Brief:
Starting at the line that contains "Fabulosa casa de", write out each line exactly through the last one in the material below, and nothing more; omit all pictures.

Data shown:
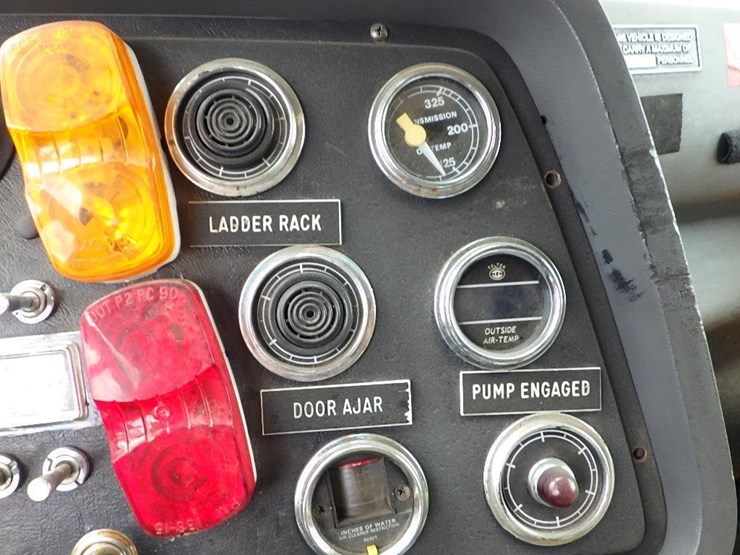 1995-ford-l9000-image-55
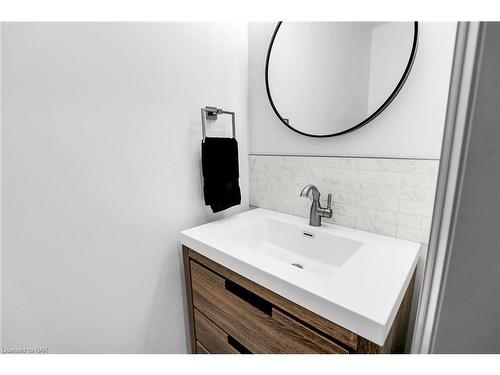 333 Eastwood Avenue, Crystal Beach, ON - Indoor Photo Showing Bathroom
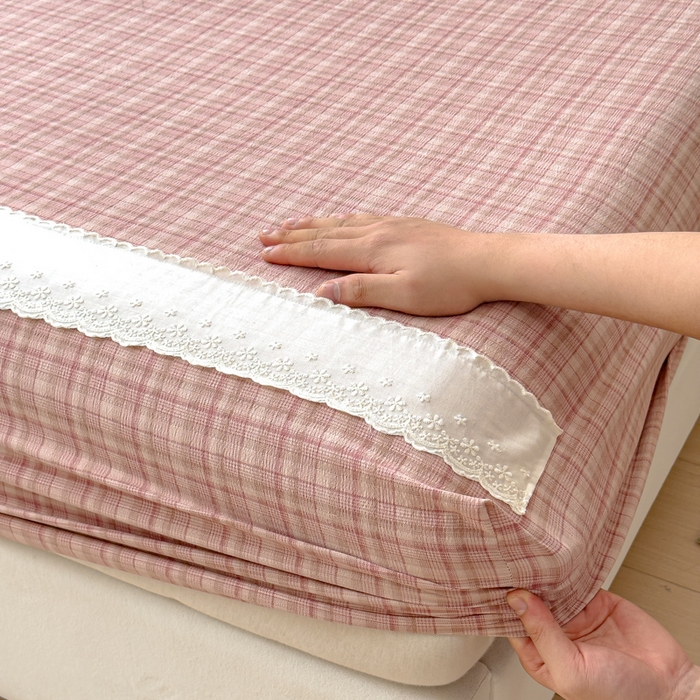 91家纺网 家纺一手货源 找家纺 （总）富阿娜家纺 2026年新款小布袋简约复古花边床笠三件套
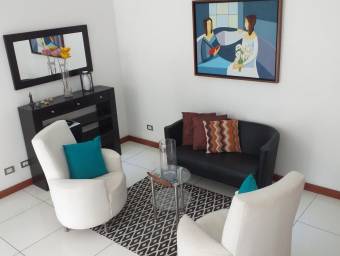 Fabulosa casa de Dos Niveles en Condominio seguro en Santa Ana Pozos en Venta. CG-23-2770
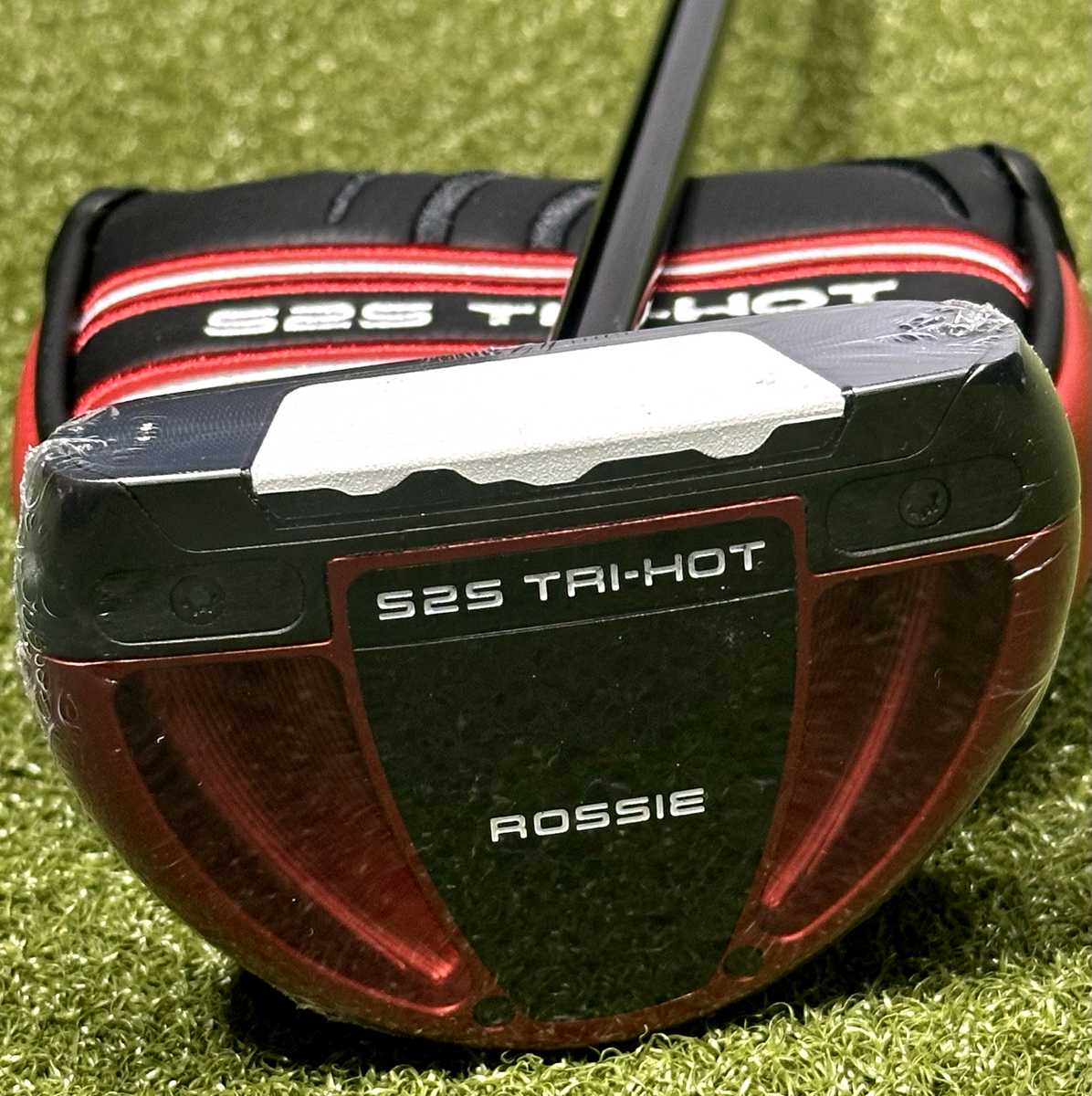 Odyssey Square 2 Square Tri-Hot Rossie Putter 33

Answer to this problem:
 Fabulosa casa de Dos Niveles en Condominio seguro en Santa Ana Pozos en Venta. CG-23-2770
 Odyssey Square 2 Square Tri-Hot Rossie Putter 33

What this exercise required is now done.